Kyle Arrington's NFL-leading seven interceptions certainly help make the case for the Patriots' CB becoming an elite corner in the NFL, but it's really his consistent effort and impact on the field that begins to separate him.
Kansas City quarterback Tyler Palko dropped back in the pocket midway through the second quarter on Monday night and immediately locked onto receiver Steve Breaston running a post route on the outside. But, just as Breaston prepared to receive the pass, New England Patriots cornerback Kyle Arrington was ready to defend it.
Arrington's head snapped around instantly, as if someone were trying to get his attention, and the corner pressed towards the cutting receiver. The ball sailed a little high, just deflecting off Breaston's fingertips, and Arrington immediately reversed his direction, settling underneath the ball for his NFL leading 6th - and later 7th -- interception of the season.
That sort of instinctual behavior is exactly the kind of play that has seen Arrington rise up the Patriots depth chart faster than Apple stock over the past few years. But at what point does instinct stop being considered a result of luck and start becoming recognized as talent?
That's the exact question that perplexed the Patriots coaching staff since Arrington's rookie season and has quickly become a point of interest for football fans watching the Patriots defense all season.
Now, 10 games into this regular season, the question has shifted a bit. The conversation is no longer whether Arrington has the talent to play in the NFL, but rather if he's an elite cornerback in the league?
After going undrafted out of Hofstra in 2009, Arrington had a long road ahead of him to even make an NFL roster. Luckily for the spry young defender, Bill Belichick was impressed by his ball skills and decided to keep Arrington around.
Clearly, the 25-year-old defensive back has proven Belichick's hunch right thus far and continues to improve what has been widely viewed as a lackluster Patriots defense.
Now, the defensive emergence in recent weeks hasn't been solely due to Arrington's consistent play. The pass rush of Andre Carter (4 sacks vs. NY Jets in Week 10) and Mark Anderson (7 sacks this season) has certainly played a role in the turnaround not to mention the solid play of reserves -- forced into action due to injuries - like Sterling Moore, Tracy White and even wide receiver turned nickel corner Julian Edelman.
It's been a true team effort for New England to turn their porous defense around in recent weeks, but in the same breath no one can deny Arrington's role as a catalyst.
The league-leader in interceptions (7) has been forced into action constantly as a pro, first with the injury to former Pats CB, Leigh Bodden in 2010 and his subsequent release earlier this season.
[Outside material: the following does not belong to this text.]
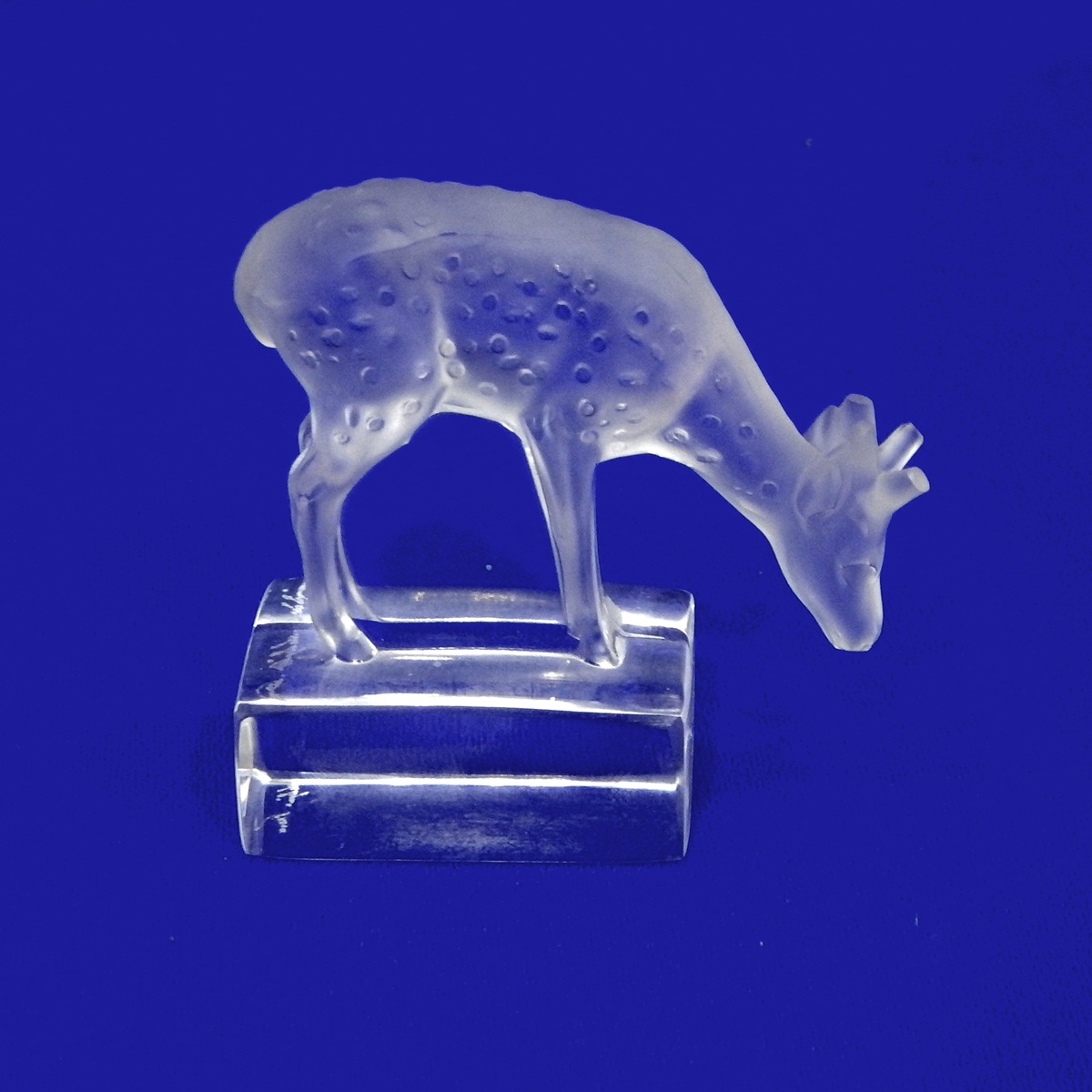 Lalique frosted glass model of a fallow deer, marked 'Lalique, France' on base,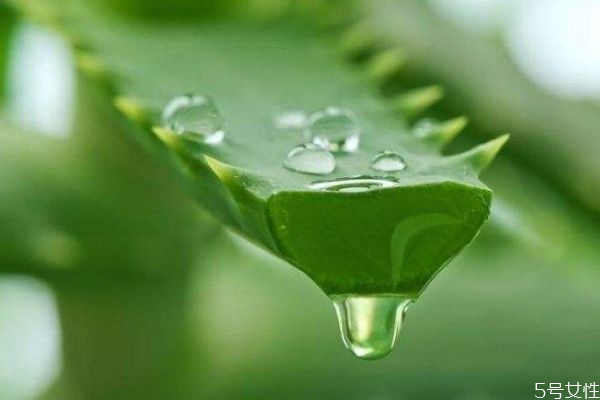 純天然蘆薈可以擦臉嗎 純天然蘆薈擦臉有什么作用呢 純天然蘆薈可以擦臉嗎 純天然蘆薈擦臉有什么作用呢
Now, with the injury to Devin McCourty, the team's Pro-Bowl caliber and arguably top cornerback, has forced Arrington into the CB1 spot on the roster.
Yet, even with all the pressure and constant change in role, he has made the most of every opportunity out on the field this season, showing up not only in the right place at the right time but all over the stat sheet as well.
Through Week 11, Arrington is in the top three on the Patriots in tackles (3rd), Interceptions (1st) and Passes Deflected (1st). But, his dominant play can also be seen nationally, as Arrington ranks 16th in the NLF in passes defended (10), eighth in tackles (50) among cornerbacks and of course 1st overall in interceptions with 7.
These stats certainly help make the case for Arrington, at the very least, becoming an elite cornerback in the NFL. But, it's really his consistent effort and impact on the field that begins to separate him.
Arrington's ability to stick coverage, finish tackles and force turnovers has allowed a Patriots D that ranks near the bottom of the league in yards allowed to keep opposing offenses out of the red zone and off the scoreboard. His instincts drive him to the ball and Arrington's skills allow him to not only stick with some of the best receivers in the league but also make the plays that only elite corners can.
The third-year defensive back may not have DeAngelo Hall's speed, Charles Woodson's ball hawking ability or even McCourty's skill set, but he works hard and knows how to utilize his skills to defend top flight receivers.
Analysts and fans may not accept Arrington's emergence as an elite corner because he wasn't a high round draft pick and he doesn't bring the sex appeal of Hall's speed or Deion's swagger, but he is at the least a good cover corner with an opportunistic eye.
And if that doesn't get you put on the Elite Watch List, then we better start rethinking our definition here.